Wonderful mental picture. I can see you sitting there in the rocking chair, an Irish settler to your side and a shotgun resting in your lap, ever vigilant. Slowly you lean forward as a car approaches down the driveway. . . .

[I suddenly feel the urge to watch Secondhand Lions again]


----------



## Herald (Mar 31, 2010)

Wayne,

I love that movie, and I know just the scene you're thinking about. Hub sure handled those salesman, didn't he?


----------



## Herald (Mar 31, 2010)

Wayne, not an Irish Setter. I want a German Short Hair Pointer. They alert better than an Irish Setter.


----------



## kvanlaan (Apr 3, 2010)

> Being a Baptist, I really don't a dog in this hunt; the dog is still sitting on the porch making sure a stranger doesn't come into our yard. But having read Lane's retraction (and noting that Wilson did not deal with faith and faithfulness, as Rich pointed out), *I can't help but see a troubling similarity to Roman Catholicism.* Or is it just me?



Every time I read about FV-type stuff, this comment comes in somewhere; that the FV is the Reformed road back to Rome. 

Yikes.


----------



## Puritan Scot (Apr 3, 2010)

Bill Brown is absolutely right when he states - *"I can't help but see a troubling similarity to Roman Catholicism."*

FV might not have been around per se over a quarter of a century ago when the late Gordon H. Clark was lamenting on the then *Evangelicalism, the Charismatic Movement, and the race back to Rome* 

He firmly stressed the absolute necessity of doctrinal integrity and the upholding of Biblical Protestantism as an antidote against the "falling away" of his own day which had remarkable similarity to what we are encountering with FV in our own day and generation, albeit a different branch but nonetheless having the same defectice root and source.

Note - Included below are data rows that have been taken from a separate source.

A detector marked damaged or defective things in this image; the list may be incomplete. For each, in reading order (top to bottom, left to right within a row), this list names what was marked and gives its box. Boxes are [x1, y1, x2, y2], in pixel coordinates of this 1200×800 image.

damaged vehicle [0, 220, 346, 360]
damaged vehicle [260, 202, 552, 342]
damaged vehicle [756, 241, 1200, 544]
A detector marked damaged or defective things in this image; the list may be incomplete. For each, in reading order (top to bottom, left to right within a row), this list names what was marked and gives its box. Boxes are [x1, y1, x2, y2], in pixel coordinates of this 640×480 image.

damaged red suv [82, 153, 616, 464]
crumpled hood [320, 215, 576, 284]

Let me quote what he had to say "The sixteenth-century rediscovery of the Bible's objective message of justification by faith alone invaded the consciousness of men with divine power and changed the course of history. The Protestant Reformation was founded upon a restoration of the primacy, supremacy, and all-sufficiency of the Bible and justification by faith.
No one would want to contend that the Protestant Reformation completely recovered the purity of faith and practice which existed in the apostolic church. The Reformers did not always agree among themselves. They were not always consistent in every area. The church did not all at once abandon every error of the Dark Ages. But in spite of differences and inconsistencies, the Reformers were absolutely united on the importance of Scripture and justification by faith - its objective meaning and its absolute centrality in the Christian Faith.
There is a tendency in sinful human nature to gravitate from the objective Gospel to religious subjectivism, to shift the central focus from Christ to Christian experience. This is what happened in the great "falling away" in the early church. And the same evolution has taken place within the Protestant movement"

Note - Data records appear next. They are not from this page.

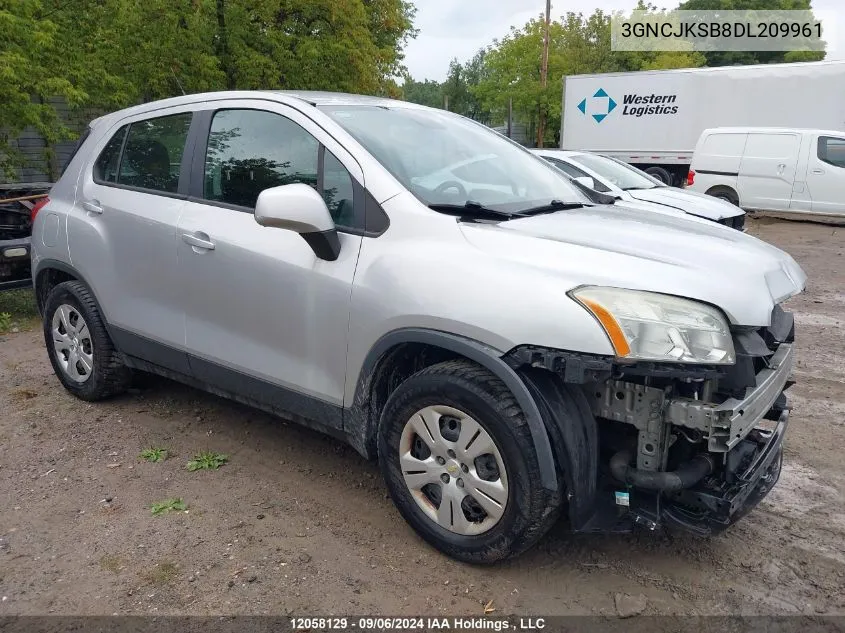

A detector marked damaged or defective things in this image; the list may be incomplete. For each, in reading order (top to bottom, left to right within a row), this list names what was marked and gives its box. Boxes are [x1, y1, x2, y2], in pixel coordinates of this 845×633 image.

damaged car on edge [31, 90, 804, 564]
damaged front end [508, 304, 796, 536]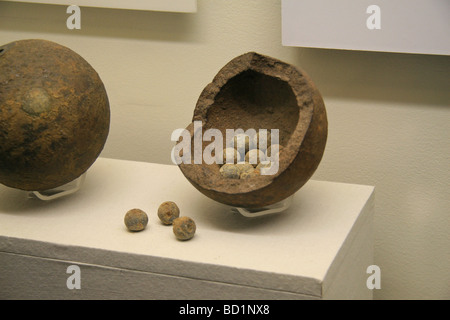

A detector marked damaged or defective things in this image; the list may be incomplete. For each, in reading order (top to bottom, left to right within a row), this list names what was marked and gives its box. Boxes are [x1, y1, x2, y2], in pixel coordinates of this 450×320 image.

corroded iron surface [0, 39, 110, 190]
rusty cannonball [0, 39, 110, 191]
rusty cannonball [178, 51, 328, 209]
corroded iron surface [178, 51, 328, 209]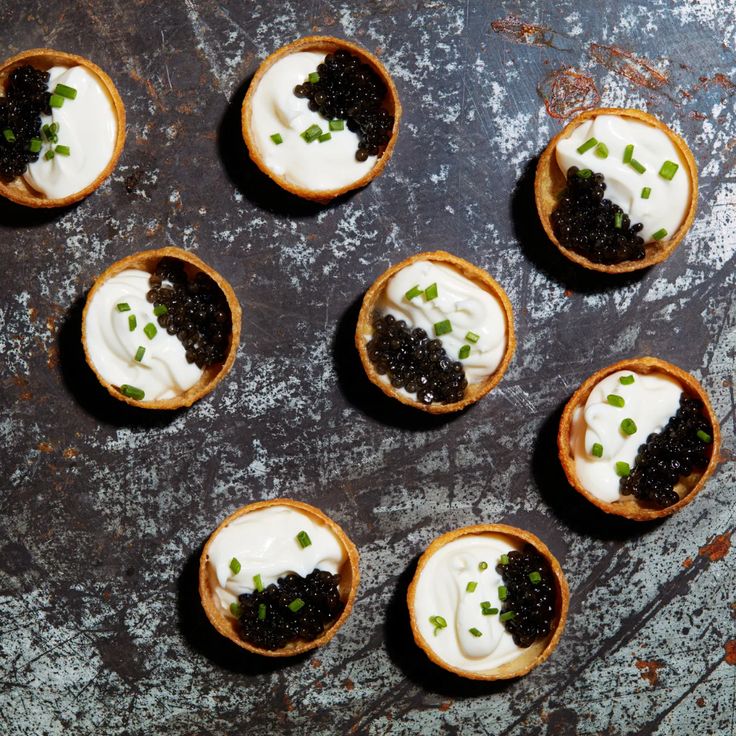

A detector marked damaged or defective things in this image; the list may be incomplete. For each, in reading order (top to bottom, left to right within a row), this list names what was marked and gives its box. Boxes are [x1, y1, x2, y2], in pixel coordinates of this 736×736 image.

rust stain [588, 43, 668, 90]
brown rust patch [588, 43, 668, 90]
rust stain [536, 67, 600, 119]
rust stain [696, 532, 732, 560]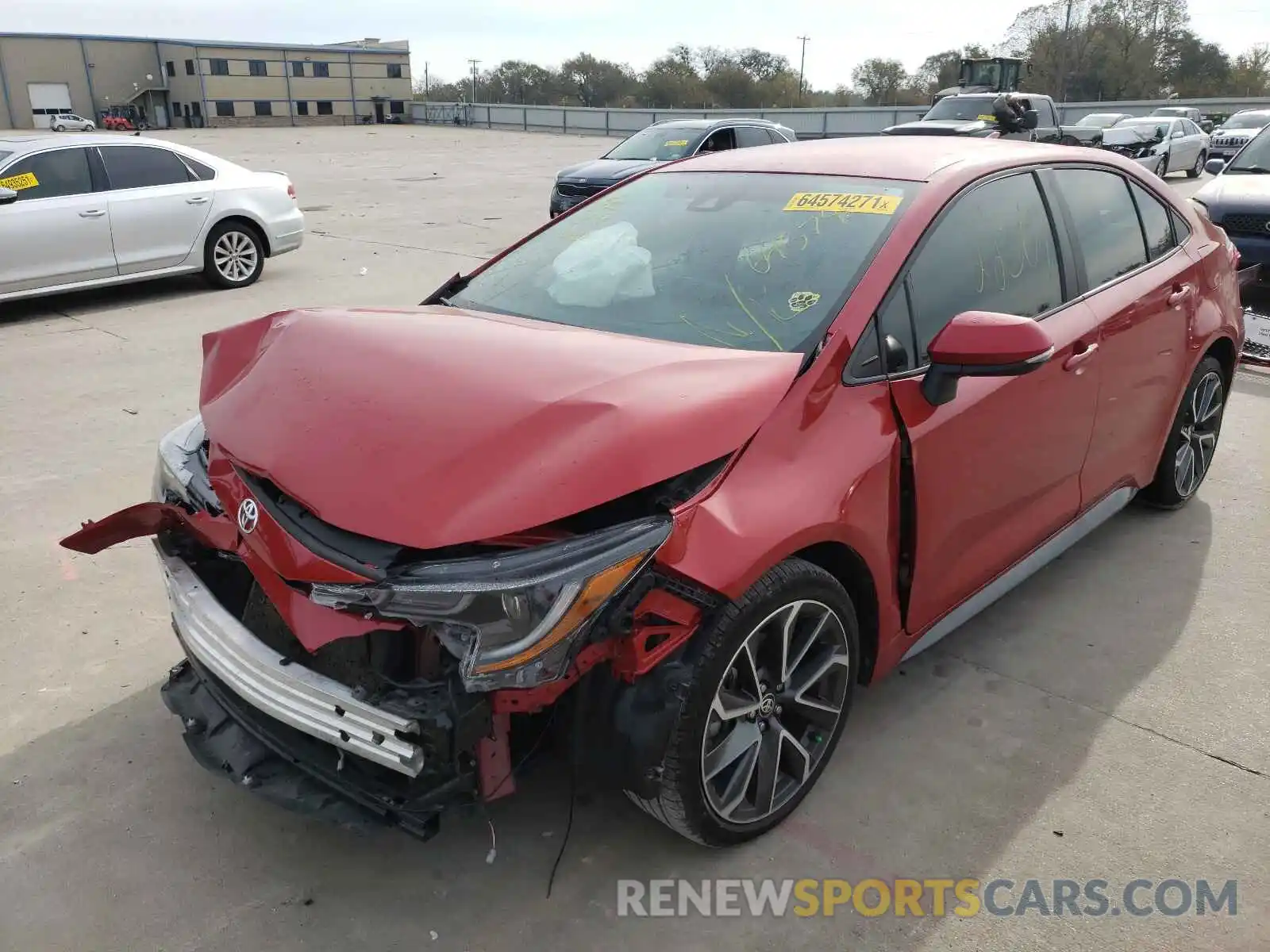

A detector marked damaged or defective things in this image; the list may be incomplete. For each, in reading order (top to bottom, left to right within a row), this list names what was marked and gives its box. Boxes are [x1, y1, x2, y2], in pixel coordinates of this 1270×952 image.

exposed headlight assembly [152, 416, 210, 508]
exposed headlight assembly [310, 517, 675, 690]
crumpled red hood [197, 305, 797, 551]
red damaged sedan [62, 137, 1239, 847]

Luther and the Protestant Reformers stood firmly for the cardinal doctrine of "Justification by faith alone" - let us do likewise.


----------



## Parsifal23 (Apr 4, 2010)

All I can say to Lane is thanks for doing the right thing but does denial of The Law Gospel distinction apply to anyone who would denies it (what about Mennonites or Anabaptists who hold to The Five Points?) or only Federal Vision advocates? As far as how I relate to this (being a Baptist) I see the Presbyterian and Reformed denominations as the proverbial Canary in The Coal Mine if there not doing well I shutter to think what's happening to Independent Baptists or Reformed Baptists


----------



## KMK (Apr 4, 2010)

Scott1 said:


> > *Herald*
> > Being a Baptist, I really don't a dog in this hunt; the dog is still sitting on the porch making sure a stranger doesn't come into our yard. But having read Lane's retraction (and noting that Wilson did not deal with faith and faithfulness, as Rich pointed out), I can't help but see a troubling similarity to Roman Catholicism. Or is it just me?
> 
> 
> ...


 
I think the RB has less to worry about from FV because our confession makes Christ's active obedience very clear:



> LBC 11:1 Those whom God effectually calls, he also freely justifies, not by infusing righteousness into them, but by pardoning their sins, and by accounting and accepting their persons as righteous; not for anything wrought in them, or done by them, but for Christ's sake alone; not by imputing faith itself, the act of believing, or any other evangelical obedience to them, as their righteousness; but *by imputing Christ's active obedience unto the whole law*, and passive obedience in his death for their whole and sole righteousness by faith, which faith they have not of themselves; it is the gift of God.



It is hard to imaging the FV trying to get over the fence and into our yard.


----------



## toddpedlar (Apr 4, 2010)

KMK said:


> It is hard to imaging the FV trying to get over the fence and into our yard.


 
Typically the FV doesn't go over the fence, but burrows through the dirt under it... but I agree it's hard to imagine given their distinctives. One thing that seems to me to be a point where FV teachers might try to connect is their teaching of a true union with Christ that they claim is effected through baptism and the baptist teaching of regenerate church membership.


----------



## VictorBravo (Apr 4, 2010)

I'll add that I know of one fairly large RB congregation that suffered a major split because of this issue. It was insidious because there were members who were "teaching" behind the scenes and undermining what was being taught from the pulpit.


----------



## Scott1 (Apr 4, 2010)

KMK said:


> Scott1 said:
> 
> 
> > > *Herald*
> ...


 
Maybe this is an oversimplification, perhaps even a benefit of not having had the sophisticated argumentation of some theologians, but this has always been clear to me.

When the Westminster Standards use the term "obedience" it means the whole of Christ's obedience, which includes both His active and passive obedience.

Because Christ obeyed God, He met God's perfect standard of righteousness, and faith in that saves us.

'Federal vision' at best, would confuse this simple truth, which undermines God's promises and our assurance. At worst, it denies it. 

Few things could be more damaging than that.


----------



## Mushroom (Apr 4, 2010)

> There is a tendency in sinful human nature to gravitate from the objective Gospel to religious subjectivism, to shift the central focus from Christ to Christian experience.


The truth of that statement is profound. The local quasi-FV congregation is full of folks who are there not because they understand the implications of the theology, but because they like the 'atmosphere'. Sadly though, that is true even of my own Church.


----------